Угроза Кускова его ничуть не устрашила. Колонна между тем доползла до поста контрольно-пропускного пункта, и, пока начальник конвоя через дневального вызывал дежурного, а затем ходил с донесением в штаб, штрафники, сгрудившись у ограждения из колючей проволоки, которым была обнесена территория лагеря, с настороженным боязливым любопытством присматривались ко всему, что делалось внутри.

И всюду на обширной залесенной территории лагеря глаз наблюдал беспорядочное движение, строительную сутолоку. Сотни людей стучали топорами, шаркали пилами, долбили мерзлую землю ломами и кирками, перетаскивали на себе и перевозили на подводах свежий тес, рулоны толя, возы соломы. В одном месте заканчивали сооружение землянок, подгоняли дверные проемы и косяки, в другом устанавливали на стационары походные кухни, сколачивали навесы для умывальников и грибки для часовых.

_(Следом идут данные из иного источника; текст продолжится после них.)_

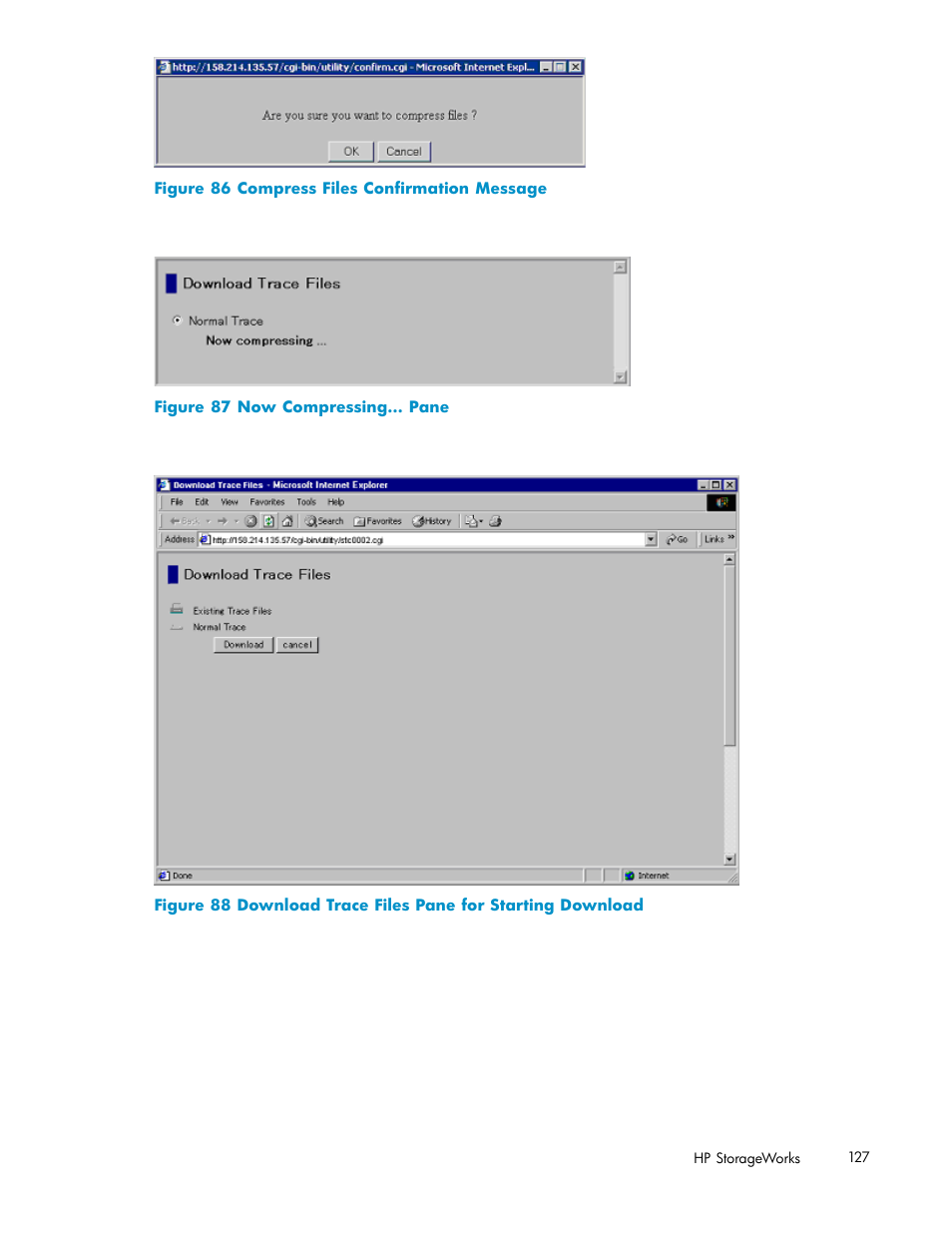 86 compress files conﬁrmation message, 87 now compressing… pane, 88 download trace files pane for starting download | Figure 86, Figure 87, Figure 88 | HP StorageWorks XP10000 Disk Array User Manual | Page 127 / 178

От ближних обжитых землянок тянулись кверху бледные дымки, пахло оструганной щепой и чистым, настоянным на хвое воздухом, от которого пьянило головы и перехватывало острыми спазмами пустые желудки.

– Глянь, братва, никак тоже штрафники? – упавшим голосом предположил авиатехник Бачунский, скрытный, осмотрительный человек, не спешивший обозначать круг своих дружеских симпатий и привязанностей. И, как видно, не столько потому, что не нуждался в товарищеском участии, сколько из опасения ошибиться и довериться не тому, кому следует.

Проследив за его взглядом, Павел увидел полувзвод солдат, которые копали неподалеку от будки дежурного дополнительный колодец и одновременно сбивали ребристый сруб. Судя по меткам, оставшимся на ушанках от красноармейских звездочек, и отсутствию погон, это были проштрафившиеся бойцы. Но конвоя поблизости не было, и Павел неопределенно пожал плечами: мол, поживем – увидим!

Теряться в догадках долго не пришлось. Пооглядывавшись на партию вновь прибывших, трое наиболее любопытствующих солдат отделились от общей группы и, воровато озираясь, приблизились к колючему ограждению.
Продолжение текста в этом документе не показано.